* [Assigned task]:
Copy out the full data exactly as given; pictures should not be included.

* [Provided material]:
··········

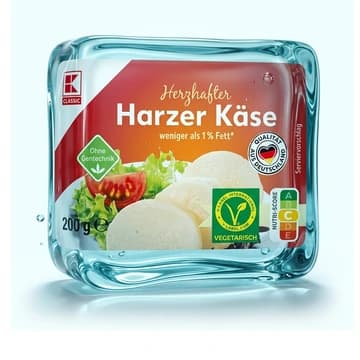 Packung K-Classic Harzer Käse, 200 g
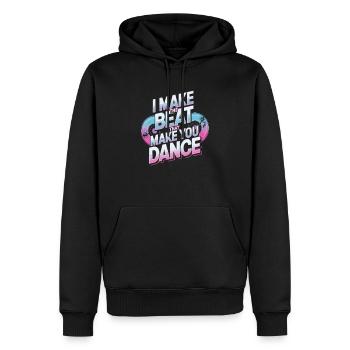 JE FAIS LE RYTHME QUI VOUS FAIT DANSER - Sweat à capuche Premium bio Homme - noir - Devant - Nico (187cm)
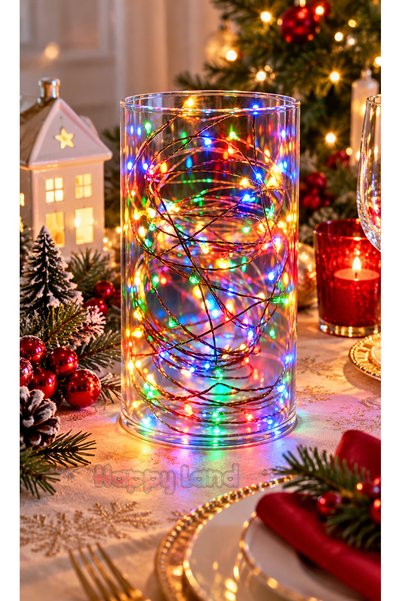 Happyland New Year 1 Piece Fairy LED Colorful 5 Meters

··········

* [Solution to this exercise]:
 Packung K-Classic Harzer Käse, 200 g
 JE FAIS LE RYTHME QUI VOUS FAIT DANSER - Sweat à capuche Premium bio Homme - noir - Devant - Nico (187cm)
 Happyland New Year 1 Piece Fairy LED Colorful 5 Meters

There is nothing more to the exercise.